_Directions_.
Reproduce each entry below exactly, without omitting any.

START Supplied information

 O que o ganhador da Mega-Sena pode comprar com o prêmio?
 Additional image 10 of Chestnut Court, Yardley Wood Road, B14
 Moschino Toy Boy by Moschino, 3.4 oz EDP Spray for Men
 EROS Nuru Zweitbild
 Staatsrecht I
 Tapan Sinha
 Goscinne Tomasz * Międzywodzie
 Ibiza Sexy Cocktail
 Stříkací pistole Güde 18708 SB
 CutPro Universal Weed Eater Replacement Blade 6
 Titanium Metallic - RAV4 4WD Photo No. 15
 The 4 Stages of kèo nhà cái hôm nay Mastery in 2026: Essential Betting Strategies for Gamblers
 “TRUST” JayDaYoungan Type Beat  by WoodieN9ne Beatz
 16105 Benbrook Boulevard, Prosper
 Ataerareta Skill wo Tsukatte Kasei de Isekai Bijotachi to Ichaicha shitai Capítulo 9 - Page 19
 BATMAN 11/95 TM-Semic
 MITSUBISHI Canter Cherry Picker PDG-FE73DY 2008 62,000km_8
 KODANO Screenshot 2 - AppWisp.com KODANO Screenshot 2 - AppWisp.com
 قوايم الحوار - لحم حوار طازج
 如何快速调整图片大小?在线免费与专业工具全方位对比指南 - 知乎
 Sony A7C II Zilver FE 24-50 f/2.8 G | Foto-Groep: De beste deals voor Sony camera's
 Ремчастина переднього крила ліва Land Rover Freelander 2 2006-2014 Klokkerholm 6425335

END Supplied information

_Answer to the exercise_.
 O que o ganhador da Mega-Sena pode comprar com o prêmio?
 Additional image 10 of Chestnut Court, Yardley Wood Road, B14
 Moschino Toy Boy by Moschino, 3.4 oz EDP Spray for Men
 EROS Nuru Zweitbild
 Staatsrecht I
 Tapan Sinha
 Goscinne Tomasz * Międzywodzie
 Ibiza Sexy Cocktail
 Stříkací pistole Güde 18708 SB
 CutPro Universal Weed Eater Replacement Blade 6
 Titanium Metallic - RAV4 4WD Photo No. 15
 The 4 Stages of kèo nhà cái hôm nay Mastery in 2026: Essential Betting Strategies for Gamblers
 “TRUST” JayDaYoungan Type Beat  by WoodieN9ne Beatz
 16105 Benbrook Boulevard, Prosper
 Ataerareta Skill wo Tsukatte Kasei de Isekai Bijotachi to Ichaicha shitai Capítulo 9 - Page 19
 BATMAN 11/95 TM-Semic
 MITSUBISHI Canter Cherry Picker PDG-FE73DY 2008 62,000km_8
 KODANO Screenshot 2 - AppWisp.com KODANO Screenshot 2 - AppWisp.com
 قوايم الحوار - لحم حوار طازج
 如何快速调整图片大小?在线免费与专业工具全方位对比指南 - 知乎
 Sony A7C II Zilver FE 24-50 f/2.8 G | Foto-Groep: De beste deals voor Sony camera's
 Ремчастина переднього крила ліва Land Rover Freelander 2 2006-2014 Klokkerholm 6425335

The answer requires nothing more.